I’m working on the same thing but i don’t have any good number to share yet. But here is what I have found out so far.
To start with, I’m running Loki in Amazon EKS, using S3 as storage. I use the official Grafana loki-distributed helm chart to deploy everything so far.
For my setup it I would first have to know the size of my plain text logs to be able to predict Loki storage requirements.
Once you know that, you can make some calculations based on which chunk_encoding method you use.
Depending on the compression used (we have been using snappy which has less compressibility but faster performance), you need 5-10x or 7.5-10MB of raw log data to fill a 1.5MB chunk.
Ingestion seems to be very performant and when I was using flog for load testing I had no problems ingesting 7500 Apache logs per second with only one ingester node with minimal CPU and RAM.
The tricky part for me so far is to get the data out of Loki in an effective way. So I’m working on optimizing stream count and chunk size and scaling up queriers.
Over all I have been very impressed by Loki so far.
For now, I’m running Loki only in docker environment for testing purpose. I want to test how everything works because I’m using Prometheus and Loki is very similar.
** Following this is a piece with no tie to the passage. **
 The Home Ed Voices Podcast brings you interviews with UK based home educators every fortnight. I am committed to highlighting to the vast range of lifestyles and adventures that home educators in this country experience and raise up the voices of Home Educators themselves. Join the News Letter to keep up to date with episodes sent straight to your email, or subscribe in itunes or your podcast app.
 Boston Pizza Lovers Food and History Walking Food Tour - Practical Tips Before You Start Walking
I tried to aggregate different type of logs, like weblog, audit, mysql, syslog etc… and I’m very happy how all that works.
I want to make production log server with Loki and I ask this on forum because I want to calculate how much resources I need it. I will use local filesystem as storage, maybe some NFS share.
I have about 60-70 servers which need to aggregate logs into Loki, usually that is web servers.